▶ **TASK OBJECTIVE**:
The line containing "an apple in a box with a note on it" and every line after it, through the end of the material: copy these exactly and nothing else, leaving pictures out.

▶ **RECORDED INFORMATION**:
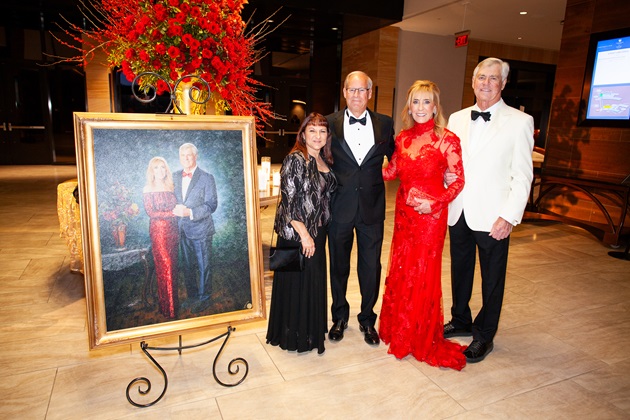 group photo of guests of the heart ball in front of a oil portrait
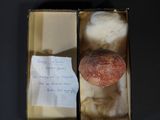 an apple in a box with a note on it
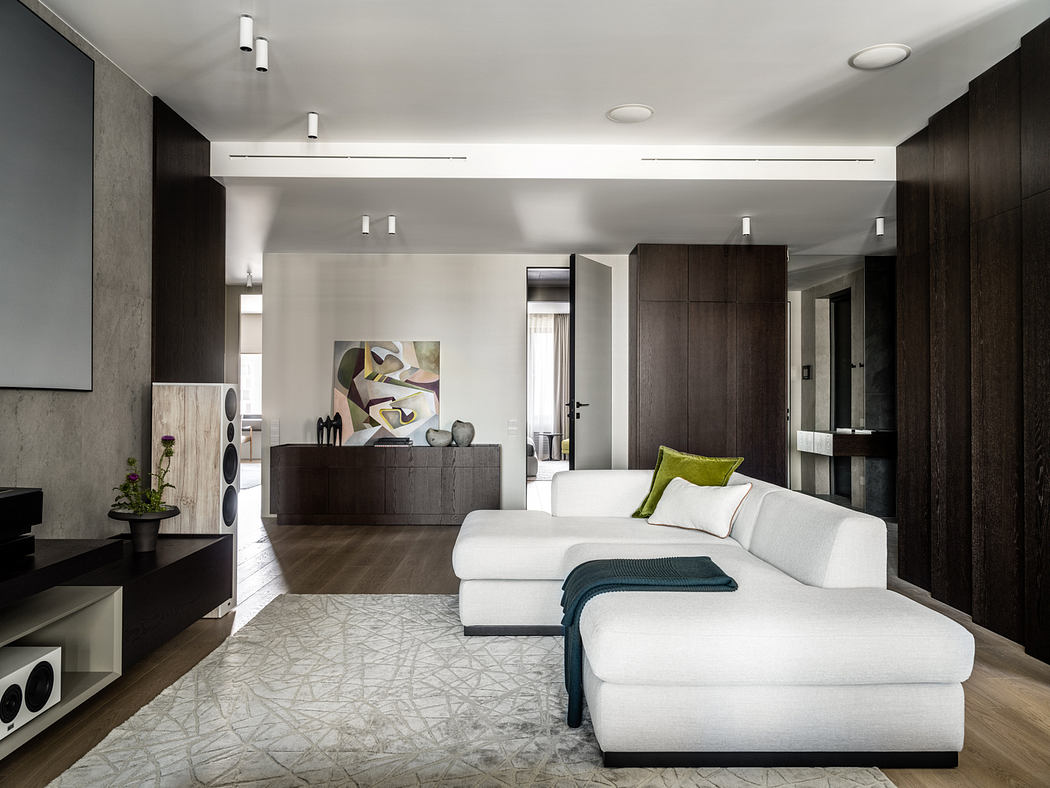 Sleek, modern living room with dark wood cabinets, white sofa, and abstract artwork.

▶ **EXPECTED ANSWER**:
 an apple in a box with a note on it
 Sleek, modern living room with dark wood cabinets, white sofa, and abstract artwork.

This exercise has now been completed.